Type A led guilds keep on trucking.  They may have some type B players in their guilds, but the type A's keep the lights on, create a foundation, make a home.

Type B led Guilds come alive with the expansion. A few of their Type A friends might flock to them to join in the pick-up game.   But, each expansion, less and less Type A's will be fooled by the allure of the fleeting team.

Type B Guilds will most likely struggle each expansion.   They have significant amount of flucuation of players.   They start raiding as soon as they reach the quorum minimum 10-man mark.  And even if they have a strong core and complete the heroic raids quickly, they only have their wow-progress numbers to convince others to make the move.   Many will hit a wall to reach mythic raiding.
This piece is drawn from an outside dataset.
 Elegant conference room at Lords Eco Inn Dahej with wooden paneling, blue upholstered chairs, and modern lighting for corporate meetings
Type A Guild never left.  When the Type B guilds hares are flitting away to Dark Soul 35 or Skyrim 13, those that remain in the Type B guild see only the type A guilds still standing.  Time to move to a stable home even if it's not as fast, light, brash and powerful.
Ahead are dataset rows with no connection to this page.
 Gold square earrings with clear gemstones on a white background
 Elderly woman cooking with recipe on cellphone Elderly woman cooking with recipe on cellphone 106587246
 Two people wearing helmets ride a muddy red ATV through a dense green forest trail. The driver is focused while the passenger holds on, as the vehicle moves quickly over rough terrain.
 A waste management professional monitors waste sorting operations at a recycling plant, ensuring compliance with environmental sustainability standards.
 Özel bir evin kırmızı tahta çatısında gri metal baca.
I think, unless you are a VERY WELL led Type B guild, these guilds will compete with other Type B guilds. They consume each other as transient players "guild upgrade" based on the wow-progress until they can't any more. The lower type B guilds collapse.

Players that tire of the expand / collapse cycle either quit guild raiding or hope to find a guild that's more stable (Type A).

Some of the Type A Guild players might guild upgrade if their more tortoise-like players aren't as fast as the Type B counter parts, but many, having seen the expand/collapse before know better.

Friday, November 4, 2016

Legion Player Collapse Incoming

Now is that time in the expansion about two months in where all the race-to-raid guilds start to implode.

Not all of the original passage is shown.